Anbindung an die Gestinergie-4.0-Cloud

Die erfassten Daten werden an die auf Microsoft Azure gehostete Gestinergie-Plattform übertragen. Dafür betreibt die WBox:

  • den Azure-IoT-Treiber — native, sichere Verbindung zum Azure IoT Hub;
  • den MQTT-Treiber — Veröffentlichung der Messwerte auf dem Broker, als schlanker Echtzeit-Stream.

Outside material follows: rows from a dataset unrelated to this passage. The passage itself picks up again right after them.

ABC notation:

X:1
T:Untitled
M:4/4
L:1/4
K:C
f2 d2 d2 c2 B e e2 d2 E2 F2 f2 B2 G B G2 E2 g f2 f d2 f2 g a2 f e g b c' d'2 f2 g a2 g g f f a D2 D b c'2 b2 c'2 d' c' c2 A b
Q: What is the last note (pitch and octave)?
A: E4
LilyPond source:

Vor dem Versand verarbeitet das Logikmodul die Daten direkt an der Quelle (« Edge ») : Normalisierung, Skalierung, Aggregation und Kennzahlenberechnung. Nur die nützlichen Daten gehen hoch — weniger Bandbreite, schlankere Plattform.

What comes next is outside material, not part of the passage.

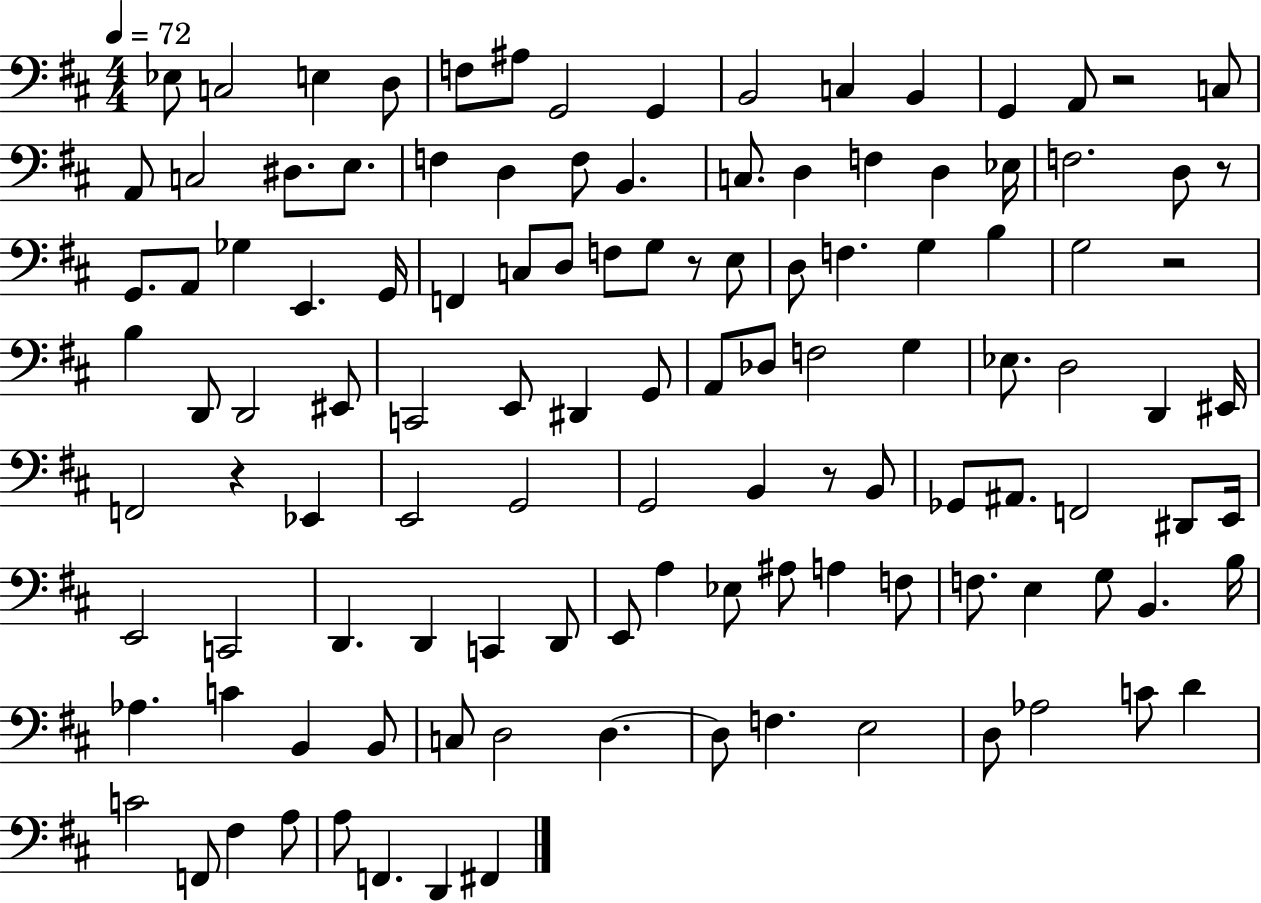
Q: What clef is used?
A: bass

Für den dateibasierten Austausch mit Drittsystemen exportiert das Gateway die Messwerte auch als CSV und überträgt sie automatisch per FTP — praktisch für Archivierung, Abrechnung oder die Versorgung von Fachanwendungen, ergänzend zum Echtzeit-Stream.


Fernzugriff & Betrieb

Der Fernzugriffsdienst von Weble ermöglicht die Inbetriebnahme, Diagnose und Aktualisierung der Gateways ohne Vor-Ort-Einsatz — ein entscheidender Vorteil für einen über viele Gemeinden und Gebäude verteilten Gerätebestand.


Der Nutzen

  • Ein universelles Gateway: Modbus (TCP + RTU) auf der Feldseite, Azure / MQTT auf der Cloud-Seite — auf demselben Gerät.
  • Edge-Verarbeitung: Das Logikmodul verarbeitet die Daten lokal vor der Übertragung.
  • Sicherer Fernbetrieb, ohne Vor-Ort-Eingriff.
  • Integration in eine anerkannte Schweizer Smart-City-Plattform — Gestinergie 4.0 von Groupe E.

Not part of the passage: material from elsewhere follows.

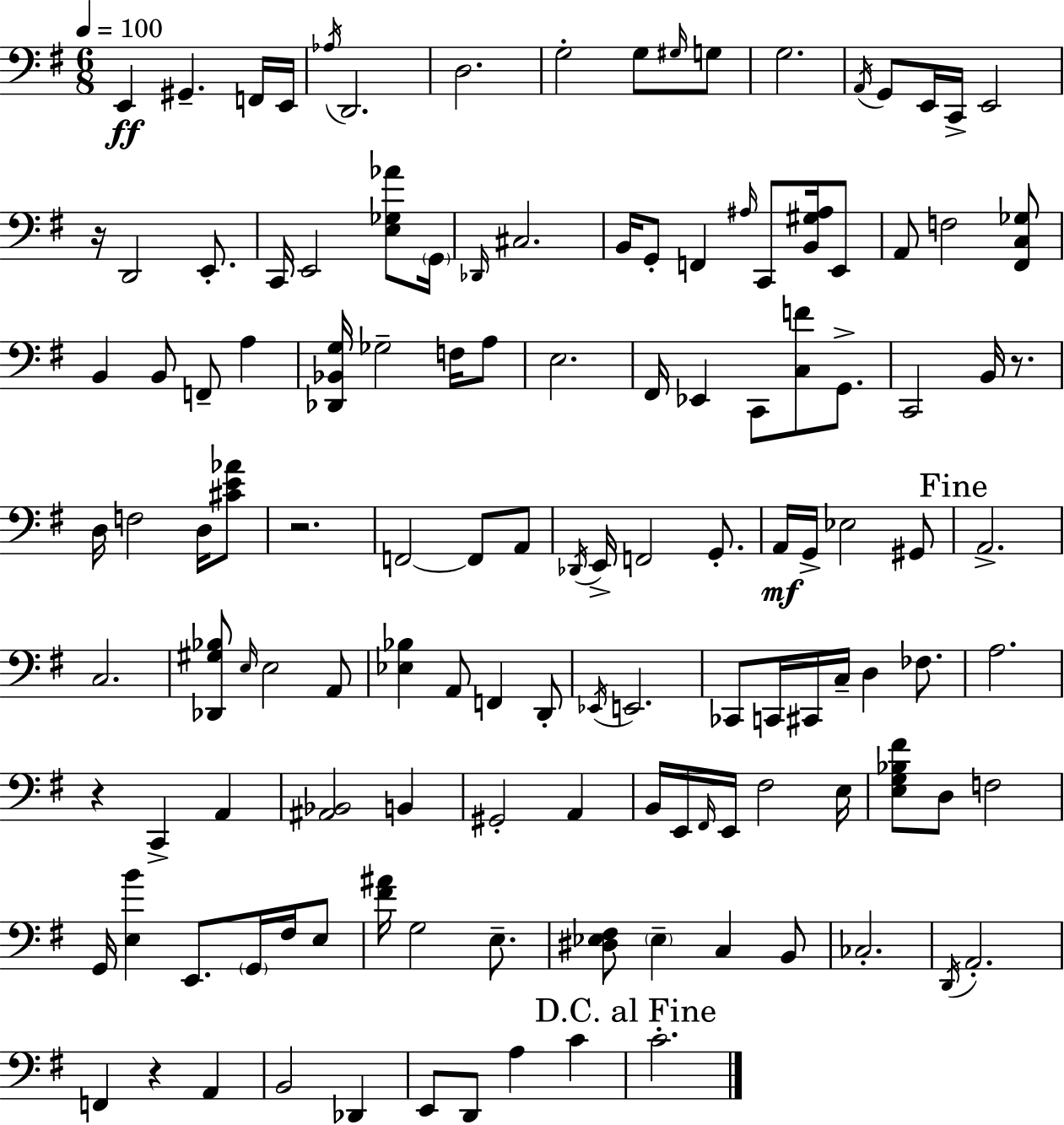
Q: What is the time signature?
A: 6/8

Eingesetzte Treiber & Module

  • Azure — Azure-IoT-Hub-Konnektor.
  • MQTT — Echtzeit-Publish/Subscribe.
  • Modbus TCP/IP, RTU — Auslesen von Zählern und Geräten.
  • Logikmodul — Datenverarbeitung an der Quelle.
  • Fernzugriff — Fernwartung und -betrieb.
  • M-Bus — Wasser-, Gas-, Wärme- und Energiezähler (verkabelt & drahtlos).
  • WBox IO — physische Ein-/Ausgänge des Gateways.
  • Wetter (CH / FR / BE) — Prognosen für das Energiemanagement.
  • CSV — Export der Messwerte als Datei.
  • FTP — automatischer Dateitransfer an Drittsysteme.